| Data records |
┌──
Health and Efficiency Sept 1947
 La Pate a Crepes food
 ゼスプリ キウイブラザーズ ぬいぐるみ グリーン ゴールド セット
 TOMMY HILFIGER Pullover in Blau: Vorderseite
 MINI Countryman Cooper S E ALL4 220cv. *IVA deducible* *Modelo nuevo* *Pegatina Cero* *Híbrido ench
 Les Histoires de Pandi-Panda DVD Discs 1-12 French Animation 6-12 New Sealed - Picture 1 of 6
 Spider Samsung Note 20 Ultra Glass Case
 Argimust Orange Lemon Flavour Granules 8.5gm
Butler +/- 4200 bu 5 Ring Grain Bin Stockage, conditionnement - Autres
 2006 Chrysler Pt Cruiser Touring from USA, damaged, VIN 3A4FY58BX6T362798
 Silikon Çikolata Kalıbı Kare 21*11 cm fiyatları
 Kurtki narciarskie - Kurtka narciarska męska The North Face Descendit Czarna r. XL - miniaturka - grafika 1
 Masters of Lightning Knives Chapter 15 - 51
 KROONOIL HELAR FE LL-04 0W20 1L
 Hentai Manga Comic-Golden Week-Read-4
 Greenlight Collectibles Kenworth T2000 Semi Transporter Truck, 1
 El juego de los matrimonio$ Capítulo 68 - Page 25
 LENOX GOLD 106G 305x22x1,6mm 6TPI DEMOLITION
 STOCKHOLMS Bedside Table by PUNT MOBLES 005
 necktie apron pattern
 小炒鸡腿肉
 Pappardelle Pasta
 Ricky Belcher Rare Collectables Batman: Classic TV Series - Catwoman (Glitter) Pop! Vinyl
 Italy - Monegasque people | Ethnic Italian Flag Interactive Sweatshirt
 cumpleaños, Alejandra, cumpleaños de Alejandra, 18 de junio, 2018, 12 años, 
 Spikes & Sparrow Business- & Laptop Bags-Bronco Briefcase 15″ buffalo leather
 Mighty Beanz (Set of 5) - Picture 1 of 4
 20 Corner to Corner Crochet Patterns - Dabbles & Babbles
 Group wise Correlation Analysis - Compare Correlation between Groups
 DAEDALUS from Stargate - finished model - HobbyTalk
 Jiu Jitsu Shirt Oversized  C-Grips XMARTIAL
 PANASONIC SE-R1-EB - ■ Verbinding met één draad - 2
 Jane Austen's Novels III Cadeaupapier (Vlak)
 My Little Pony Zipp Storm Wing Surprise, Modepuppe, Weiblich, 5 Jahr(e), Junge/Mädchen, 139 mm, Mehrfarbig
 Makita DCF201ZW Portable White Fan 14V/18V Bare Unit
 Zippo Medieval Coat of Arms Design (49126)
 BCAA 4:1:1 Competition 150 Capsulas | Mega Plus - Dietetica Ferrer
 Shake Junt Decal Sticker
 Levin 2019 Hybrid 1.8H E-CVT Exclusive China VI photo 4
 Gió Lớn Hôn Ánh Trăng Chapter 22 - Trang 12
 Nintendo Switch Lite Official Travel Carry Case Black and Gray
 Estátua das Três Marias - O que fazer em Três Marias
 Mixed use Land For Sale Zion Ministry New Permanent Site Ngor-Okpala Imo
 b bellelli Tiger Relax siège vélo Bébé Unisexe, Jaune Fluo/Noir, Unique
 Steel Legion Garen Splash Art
└──
| Task |
The data above needs retyping. Reproduce each line exactly.

| Task output |
Health and Efficiency Sept 1947
 La Pate a Crepes food
 ゼスプリ キウイブラザーズ ぬいぐるみ グリーン ゴールド セット
 TOMMY HILFIGER Pullover in Blau: Vorderseite
 MINI Countryman Cooper S E ALL4 220cv. *IVA deducible* *Modelo nuevo* *Pegatina Cero* *Híbrido ench
 Les Histoires de Pandi-Panda DVD Discs 1-12 French Animation 6-12 New Sealed - Picture 1 of 6
 Spider Samsung Note 20 Ultra Glass Case
 Argimust Orange Lemon Flavour Granules 8.5gm
Butler +/- 4200 bu 5 Ring Grain Bin Stockage, conditionnement - Autres
 2006 Chrysler Pt Cruiser Touring from USA, damaged, VIN 3A4FY58BX6T362798
 Silikon Çikolata Kalıbı Kare 21*11 cm fiyatları
 Kurtki narciarskie - Kurtka narciarska męska The North Face Descendit Czarna r. XL - miniaturka - grafika 1
 Masters of Lightning Knives Chapter 15 - 51
 KROONOIL HELAR FE LL-04 0W20 1L
 Hentai Manga Comic-Golden Week-Read-4
 Greenlight Collectibles Kenworth T2000 Semi Transporter Truck, 1
 El juego de los matrimonio$ Capítulo 68 - Page 25
 LENOX GOLD 106G 305x22x1,6mm 6TPI DEMOLITION
 STOCKHOLMS Bedside Table by PUNT MOBLES 005
 necktie apron pattern
 小炒鸡腿肉
 Pappardelle Pasta
 Ricky Belcher Rare Collectables Batman: Classic TV Series - Catwoman (Glitter) Pop! Vinyl
 Italy - Monegasque people | Ethnic Italian Flag Interactive Sweatshirt
 cumpleaños, Alejandra, cumpleaños de Alejandra, 18 de junio, 2018, 12 años, 
 Spikes & Sparrow Business- & Laptop Bags-Bronco Briefcase 15″ buffalo leather
 Mighty Beanz (Set of 5) - Picture 1 of 4
 20 Corner to Corner Crochet Patterns - Dabbles & Babbles
 Group wise Correlation Analysis - Compare Correlation between Groups
 DAEDALUS from Stargate - finished model - HobbyTalk
 Jiu Jitsu Shirt Oversized  C-Grips XMARTIAL
 PANASONIC SE-R1-EB - ■ Verbinding met één draad - 2
 Jane Austen's Novels III Cadeaupapier (Vlak)
 My Little Pony Zipp Storm Wing Surprise, Modepuppe, Weiblich, 5 Jahr(e), Junge/Mädchen, 139 mm, Mehrfarbig
 Makita DCF201ZW Portable White Fan 14V/18V Bare Unit
 Zippo Medieval Coat of Arms Design (49126)
 BCAA 4:1:1 Competition 150 Capsulas | Mega Plus - Dietetica Ferrer
 Shake Junt Decal Sticker
 Levin 2019 Hybrid 1.8H E-CVT Exclusive China VI photo 4
 Gió Lớn Hôn Ánh Trăng Chapter 22 - Trang 12
 Nintendo Switch Lite Official Travel Carry Case Black and Gray
 Estátua das Três Marias - O que fazer em Três Marias
 Mixed use Land For Sale Zion Ministry New Permanent Site Ngor-Okpala Imo
 b bellelli Tiger Relax siège vélo Bébé Unisexe, Jaune Fluo/Noir, Unique
 Steel Legion Garen Splash Art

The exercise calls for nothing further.